Creating custom image classes for .npy - massive data loading

lpinto · June 27, 2018, 8:44pm

I am trying to train on around 200G of .npy files. I have a custom image class:

class CustomImageFolder(ImageFolder):
def __init__(self, root, transform=None):
    super(CustomImageFolder, self).__init__(str(root),transform)

def __getitem__(self, index):
    path = self.imgs[index][0]
    img = np.load(path)
    img /= 255 # normalization
    return img
    root = Path(dset_dir).joinpath('ZebraFish/train/')
    transform = None
    train_kwargs = {'root':root, 'transform':transform}
    dset = CustomImageFolder


train_dataset = dset(**train_kwargs)
train_loader = DataLoader(dataset=train_dataset,
                          batch_size=batch_size,
                          shuffle=True,
                          num_workers=num_workers,
                          pin_memory=True,
                          drop_last=True)

I’m getting the following error: RuntimeError: Found 0 files in subfolders of: data/ZebraFish/train
Supported extensions are: .jpg,.jpeg,.png,.ppm,.bmp,.pgm,.tif.

I see that the default loader function will create a PIL object. Although since I’m working with .npy is there a simple way around this?
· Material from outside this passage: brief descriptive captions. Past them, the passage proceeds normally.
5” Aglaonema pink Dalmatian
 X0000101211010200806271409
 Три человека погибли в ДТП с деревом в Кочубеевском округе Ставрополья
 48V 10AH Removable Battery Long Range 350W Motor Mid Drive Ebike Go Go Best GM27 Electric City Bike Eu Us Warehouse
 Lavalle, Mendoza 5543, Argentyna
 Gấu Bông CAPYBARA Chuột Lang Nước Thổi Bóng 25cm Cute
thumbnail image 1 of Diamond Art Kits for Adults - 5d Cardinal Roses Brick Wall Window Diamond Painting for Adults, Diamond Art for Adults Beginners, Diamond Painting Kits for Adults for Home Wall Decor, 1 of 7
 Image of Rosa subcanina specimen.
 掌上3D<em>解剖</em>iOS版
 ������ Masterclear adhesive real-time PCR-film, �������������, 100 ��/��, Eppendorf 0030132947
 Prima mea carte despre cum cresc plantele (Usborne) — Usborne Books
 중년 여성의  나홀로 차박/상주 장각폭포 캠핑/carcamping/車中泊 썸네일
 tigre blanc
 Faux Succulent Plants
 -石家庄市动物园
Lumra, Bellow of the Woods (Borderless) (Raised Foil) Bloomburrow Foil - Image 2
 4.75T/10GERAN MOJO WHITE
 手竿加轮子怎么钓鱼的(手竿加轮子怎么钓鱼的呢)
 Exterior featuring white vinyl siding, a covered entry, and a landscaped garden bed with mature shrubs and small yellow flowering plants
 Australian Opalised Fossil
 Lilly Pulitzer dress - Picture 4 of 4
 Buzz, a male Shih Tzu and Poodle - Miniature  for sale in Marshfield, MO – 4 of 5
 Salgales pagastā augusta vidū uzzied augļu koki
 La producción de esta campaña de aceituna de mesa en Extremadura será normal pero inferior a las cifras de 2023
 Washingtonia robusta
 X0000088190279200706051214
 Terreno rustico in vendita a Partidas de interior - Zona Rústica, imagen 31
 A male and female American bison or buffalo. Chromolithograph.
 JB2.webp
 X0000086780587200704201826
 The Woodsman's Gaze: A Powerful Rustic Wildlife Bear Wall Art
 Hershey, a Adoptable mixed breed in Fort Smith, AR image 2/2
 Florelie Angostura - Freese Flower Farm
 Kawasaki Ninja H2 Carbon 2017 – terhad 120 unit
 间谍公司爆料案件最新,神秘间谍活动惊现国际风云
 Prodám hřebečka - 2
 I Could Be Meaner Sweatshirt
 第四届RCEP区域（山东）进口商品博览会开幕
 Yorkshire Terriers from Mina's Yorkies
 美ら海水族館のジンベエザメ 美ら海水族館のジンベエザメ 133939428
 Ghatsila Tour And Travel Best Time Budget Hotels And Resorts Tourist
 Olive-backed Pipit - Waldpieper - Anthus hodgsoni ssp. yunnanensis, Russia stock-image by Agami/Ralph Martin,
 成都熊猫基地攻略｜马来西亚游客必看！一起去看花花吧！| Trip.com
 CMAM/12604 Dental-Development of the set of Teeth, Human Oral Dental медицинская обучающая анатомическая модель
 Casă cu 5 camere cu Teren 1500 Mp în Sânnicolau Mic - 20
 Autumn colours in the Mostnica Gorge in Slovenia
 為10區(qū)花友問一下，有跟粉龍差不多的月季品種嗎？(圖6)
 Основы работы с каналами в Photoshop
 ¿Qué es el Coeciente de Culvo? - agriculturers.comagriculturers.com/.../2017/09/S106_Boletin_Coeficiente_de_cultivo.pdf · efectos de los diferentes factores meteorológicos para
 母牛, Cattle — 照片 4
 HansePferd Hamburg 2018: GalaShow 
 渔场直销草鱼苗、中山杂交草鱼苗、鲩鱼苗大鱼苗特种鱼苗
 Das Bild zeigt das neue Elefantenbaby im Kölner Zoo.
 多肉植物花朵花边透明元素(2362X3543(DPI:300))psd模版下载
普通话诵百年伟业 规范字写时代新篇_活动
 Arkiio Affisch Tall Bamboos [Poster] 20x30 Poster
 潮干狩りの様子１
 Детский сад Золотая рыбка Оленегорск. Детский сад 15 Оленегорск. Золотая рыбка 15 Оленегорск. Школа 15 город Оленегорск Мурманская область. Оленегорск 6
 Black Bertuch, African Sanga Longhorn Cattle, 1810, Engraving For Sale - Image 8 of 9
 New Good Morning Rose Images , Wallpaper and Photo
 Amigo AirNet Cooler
Is there a way to make the dataLoader have this same massive functionality with .npy files?
All the best

ptrblck · June 27, 2018, 10:01pm

Sure! You don’t need to inherit from ImageFolder.
Just create your own Dataset and load your numpy arrays as you want:

class MyDataset(Dataset):
    def __init__(self, root, transform=None):
        self.image_paths = os.glob.(... # get your numpy array paths here

    def __getitem__(self, index):
        img = np.load(self.image_paths[index])
        ...
    
    def __len__(self):
        return len(self.image_paths)